Bu hikayeyi çürütmeye çalışan Victoria (Bella) McCandless ise ülkesinin ilk kadın doktoru, üç oğlan annesi olmasına karşın feminist, Fabian sosyalist ve hatta “Bir Sevgi Ekonomisi – Bir Annenin Tüm Ulusal ve Sınıfsal Savaşlara Son Verme Reçetesi” adında bir broşür yazıp, dağıtacak kadar aktivist. İkinci kocası olan Archibald McCandless’ın parasını vererek bastırdığı kitabın kendisiyle alakası olmadığını, McCandless’in Mary Shelley, Edgar Allan Poe ve daha birçok yazardan etkilenerek bunları yazdığını iddia ediyor.
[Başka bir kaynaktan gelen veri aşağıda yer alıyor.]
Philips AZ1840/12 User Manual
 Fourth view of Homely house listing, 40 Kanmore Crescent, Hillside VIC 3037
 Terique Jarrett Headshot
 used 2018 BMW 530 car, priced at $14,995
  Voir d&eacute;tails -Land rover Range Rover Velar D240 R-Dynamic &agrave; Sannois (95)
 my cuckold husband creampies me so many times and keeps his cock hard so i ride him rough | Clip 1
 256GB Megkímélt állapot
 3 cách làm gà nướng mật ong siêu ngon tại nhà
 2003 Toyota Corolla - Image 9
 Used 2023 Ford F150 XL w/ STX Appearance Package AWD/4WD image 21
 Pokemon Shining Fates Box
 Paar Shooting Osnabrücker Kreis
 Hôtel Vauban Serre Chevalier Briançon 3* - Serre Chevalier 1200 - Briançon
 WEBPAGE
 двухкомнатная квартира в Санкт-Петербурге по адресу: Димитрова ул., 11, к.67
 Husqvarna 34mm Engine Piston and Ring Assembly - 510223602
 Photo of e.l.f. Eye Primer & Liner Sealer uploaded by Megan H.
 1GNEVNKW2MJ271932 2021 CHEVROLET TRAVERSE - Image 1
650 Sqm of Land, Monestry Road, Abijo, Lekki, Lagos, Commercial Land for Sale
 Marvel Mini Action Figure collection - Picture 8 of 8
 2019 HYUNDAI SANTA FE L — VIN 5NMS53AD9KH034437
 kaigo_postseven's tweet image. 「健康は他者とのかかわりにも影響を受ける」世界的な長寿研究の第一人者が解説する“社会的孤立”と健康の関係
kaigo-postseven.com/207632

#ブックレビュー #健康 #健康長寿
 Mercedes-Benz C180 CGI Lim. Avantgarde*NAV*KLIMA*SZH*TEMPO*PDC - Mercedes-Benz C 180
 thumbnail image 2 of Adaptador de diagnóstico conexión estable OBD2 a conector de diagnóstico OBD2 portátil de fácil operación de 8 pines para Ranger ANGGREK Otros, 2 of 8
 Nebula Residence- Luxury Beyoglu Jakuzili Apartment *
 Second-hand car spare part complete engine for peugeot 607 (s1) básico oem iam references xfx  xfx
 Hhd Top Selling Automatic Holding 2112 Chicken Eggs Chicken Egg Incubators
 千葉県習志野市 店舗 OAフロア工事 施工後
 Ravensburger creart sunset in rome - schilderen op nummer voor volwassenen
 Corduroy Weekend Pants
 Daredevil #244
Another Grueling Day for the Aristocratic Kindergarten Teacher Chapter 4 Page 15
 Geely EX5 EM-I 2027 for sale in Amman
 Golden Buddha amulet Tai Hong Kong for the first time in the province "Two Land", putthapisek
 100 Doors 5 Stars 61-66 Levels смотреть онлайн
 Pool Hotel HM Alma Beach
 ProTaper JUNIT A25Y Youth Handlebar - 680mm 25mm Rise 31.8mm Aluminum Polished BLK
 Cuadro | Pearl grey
Gray, bu konuda kararı okuruna bırakıyor. Bella, yazar McCandless’ın anlattığı gibi bir yaratılan mı, şehvetli bir çocuk-kadın mı, yoksa Bella’nın uğruna Mum’ı terk ettiği Avukat Wedderburn’ün dediği gibi “Beyaz Şeytan” mı? Ya da Victoria’nın iddia ettiği gibi Bella, bunların hiçbiri ile alakası olmayan, idealist bir doktor mu?
Hepsi olabilir, hiçbiri olmayabilir… Eminim ki bu romanı defalarca okusak, her okuyuşta yeni bir keşifte bulunuruz. Hatta taraf bile değiştirebiliriz. Çünkü o kadar çok gönderme, atıf ve öyle ilginç saptamalar var ki, bunların hepsini bir okuyuşta bulmanın mümkün olduğunu sanmıyorum.
Bunu bir gizem olarak düşünmeyin, okur olarak yakaladığınız her bilgi kırıntısının keyfini çıkarın. Eminim ki, edebiyat severler üst kurmaca harikası bu postmodern romanı beğenecek, Alasdair Gray’ın oyuncaklı dilini çok sevecektir.